Réunion du 17 février 2011 à 9h00
Coordination des politiques économiques au sein de l'union européenne — Rejet d'une proposition de résolution

Photo de Nicole BricqNicole Bricq :

Croire que l’on pourra se sortir d’une telle crise en resserrant une discipline budgétaire privilégiée sur tout le reste et en revenant à l’équilibre à marche forcée ne fera que réduire la croissance déjà très molle. Surtout, ce n’est pas avec une telle stratégie qu’on préviendra la prochaine crise !

Certes, la Grèce doit réduire son déficit, mais il lui faut du temps. Et ce temps, les marchés le lui refusent.

Au Portugal, le rendement de la dette a atteint des niveaux inégalés et la prime réclamée par les investisseurs pour détenir le papier portugais ne cesse d’augmenter par rapport au Bund allemand.

Pourquoi refuse-t-on de discuter au fond de la proposition Juncker de mutualisation de la dette au niveau européen ? Cet attentisme, qui est mortifère, donne au marché une avance préjudiciable.

Pourquoi ne pose-t-on pas comme objectif de faire de l’Union une zone de croissance durable alors qu’on remet au goût du jour la notion de gouvernement économique ? L’appellation est, au demeurant, bien trompeuse quand on sait qu’il s’agit, d’abord, de coordination budgétaire, de retour en un temps record au pacte de stabilité et, ensuite, d’avancer vers un « pacte de compétitivité » qui propose, par exemple, d’harmoniser l’âge de départ à la retraite, ce qui ne répond absolument pas au problème posé, quand on veut, de surcroît, imposer une règle d’or d’interdiction des déficits publics. Toute règle, fût-elle inscrite dans le marbre constitutionnel, ne tient pas face à des situations exceptionnelles, comme nous l’avons vu, y compris en Allemagne !

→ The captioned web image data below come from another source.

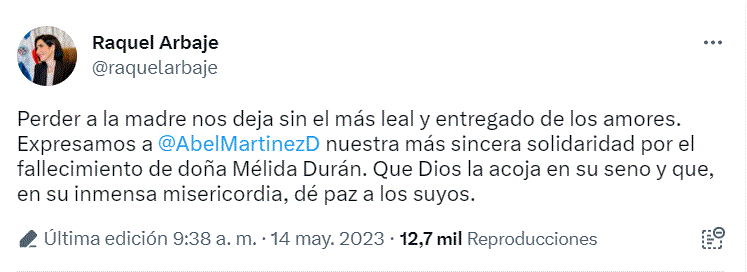 RAQUEL ALBAJE TWITTER 1 Primera dama expresa condolencias a Abel Martínez por muerte de su madre
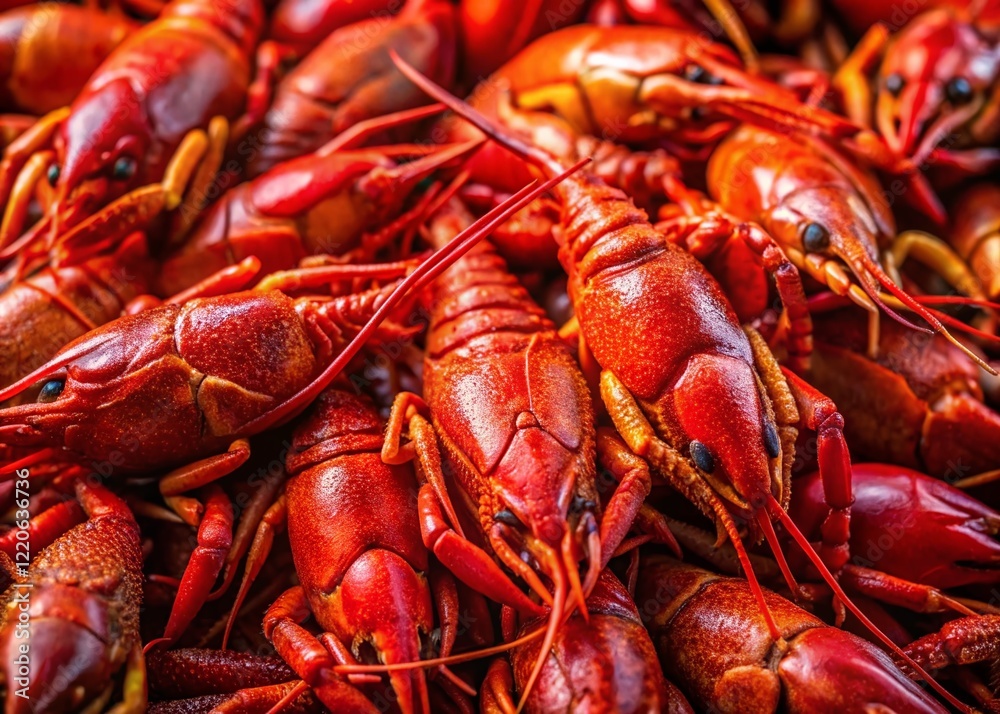 Close-Up Aerial Shot of Vibrant Red Boiled Crayfish, Delicious Seafood Close-Up Aerial Shot of Vibrant Red Boiled Crayfish, Delicious Seafood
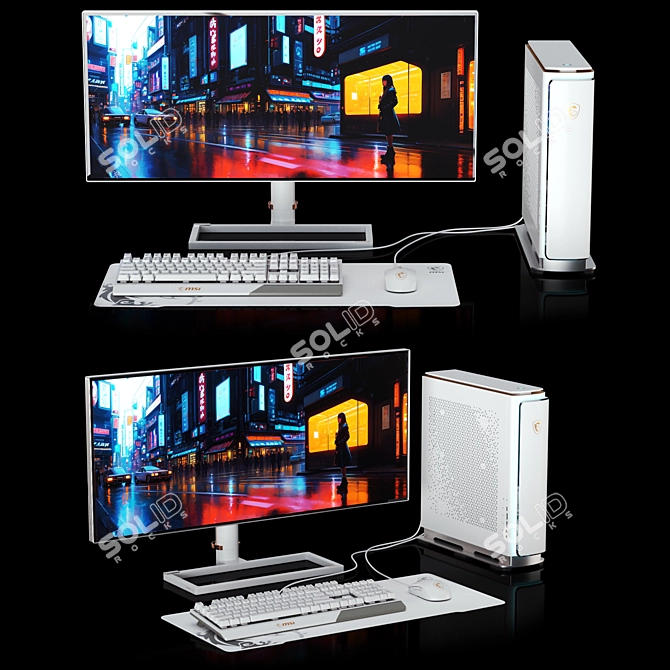 Stylish & Powerful PC Workstation 3D model image 1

Le « paquet gouvernance » qui est avancé présente le risque réel d’occulter les vrais sujets – l’harmonisation fiscale, la croissance, l’innovation, la recherche, l’emploi.

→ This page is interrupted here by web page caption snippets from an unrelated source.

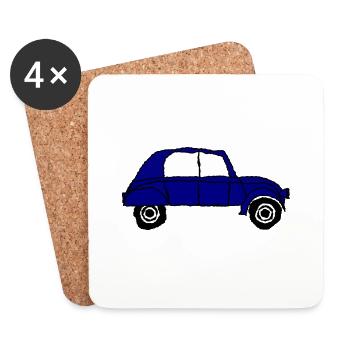 2 CV. CAR. RALLY. FATHERS DAY. - Coasters (set of 4) - white - Front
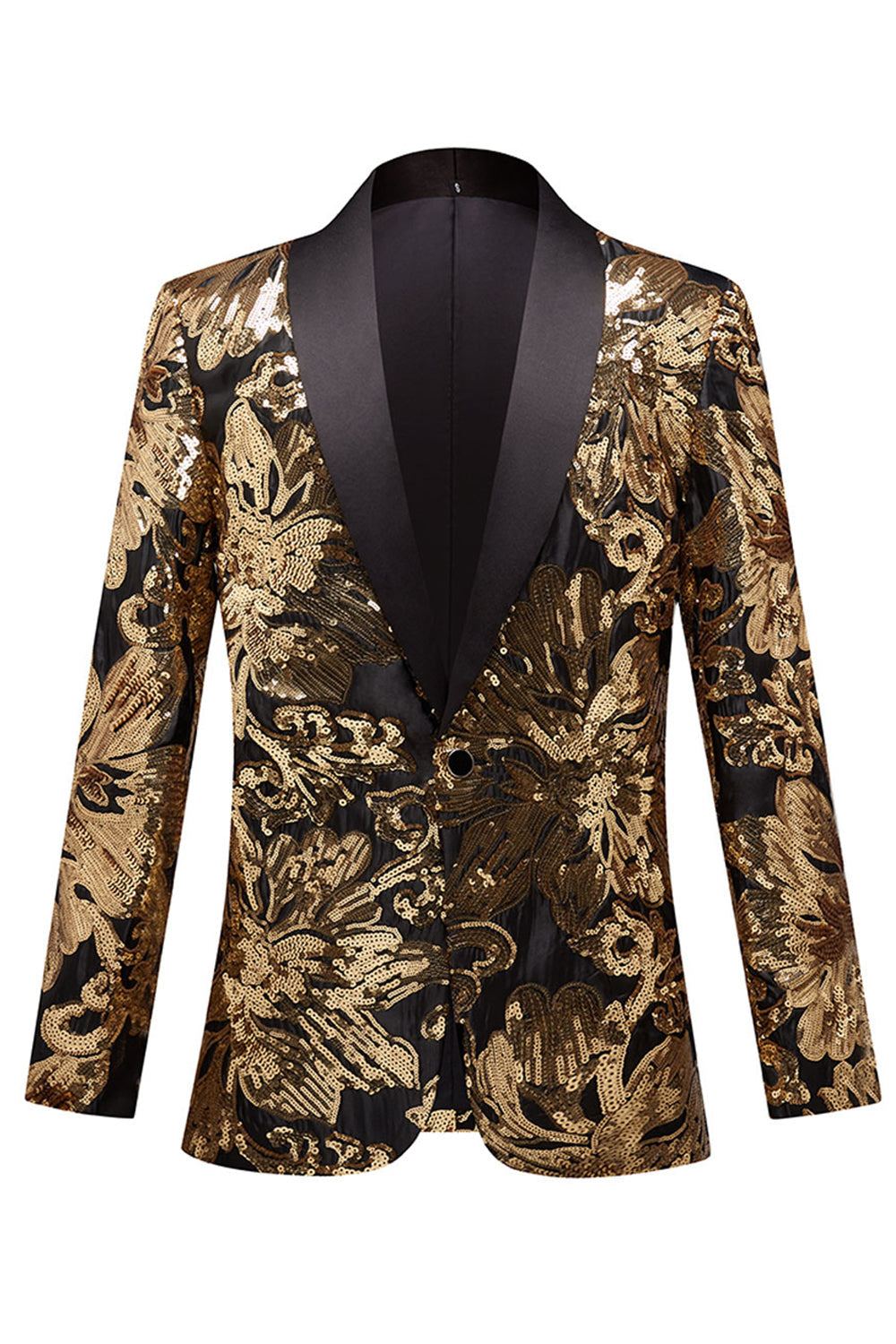 gyllen blomst formet paljetter menns blazer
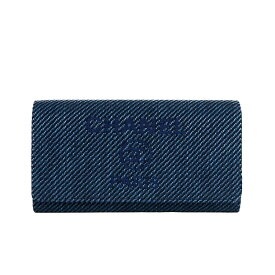 【極美品】CHANEL ドーヴィル 二つ折り 長財布 デニム A81976 デニム レザー ブルー ブランド財布 5645676m【中古】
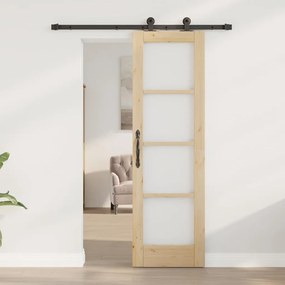 vidaXL Συρόμενη Πόρτα ORKDAL Καφέ 61 x 198.5 εκ. Ξύλο και μέταλλο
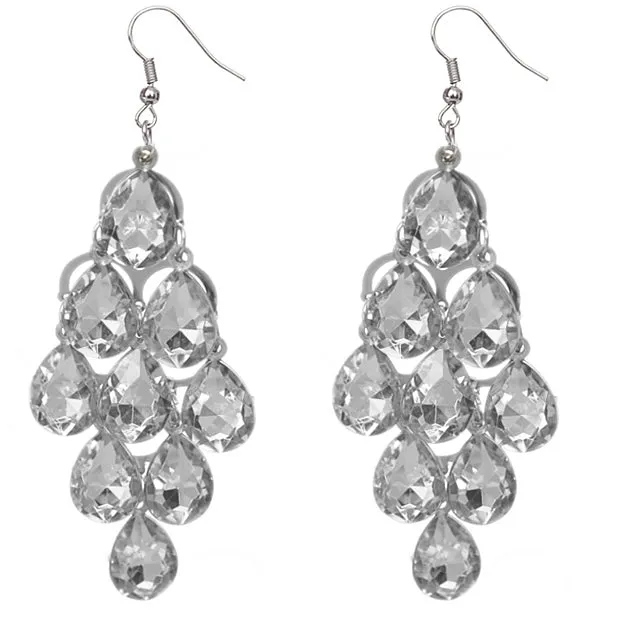 Clear Faceted Teardrop Chandelier Earrings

S’agissant de la convergence tant recherchée avec l’Allemagne, il faudrait avant tout se poser la question de savoir s’il existe un « modèle » allemand durable, quand l’économie de ce pays tire essentiellement sa force du marché intérieur. La meilleure phrase que j’ai trouvée est celle de l’économiste allemand Peter Bofinger, très écouté en Allemagne. Il disait tout dernièrement que « le modèle allemand de l’économie compétitive tournée vers l’exportation n’a fonctionné que parce que les autres nations ne l’ont pas adopté ».

Si gouvernement économique il doit y avoir, c’est celui qui présidera à un choix de relance économique européenne.

Le désendettement des États et la réduction des déficits sont, certes, une ardente obligation. Mais que pèseraient-ils sans un dispositif de convergence des politiques économiques ?

Mme Merkel a raison de déclarer que l’euro relève d’un projet politique. Encore faut-il définir lequel ! Cette question doit faire l’objet d’un débat dans notre pays et ne pas être mise sous le tapis, comme c’est le cas depuis 2005. Il s’agit en effet d’un enjeu démocratique, en France et en Europe.

Nous aurons certainement l’occasion de revenir sur ce point tout au long des mois qui nous séparent de l’échéance majeure de l’élection présidentielle. Je souhaite que ce débat ait lieu, pour la démocratie et pour l’Europe.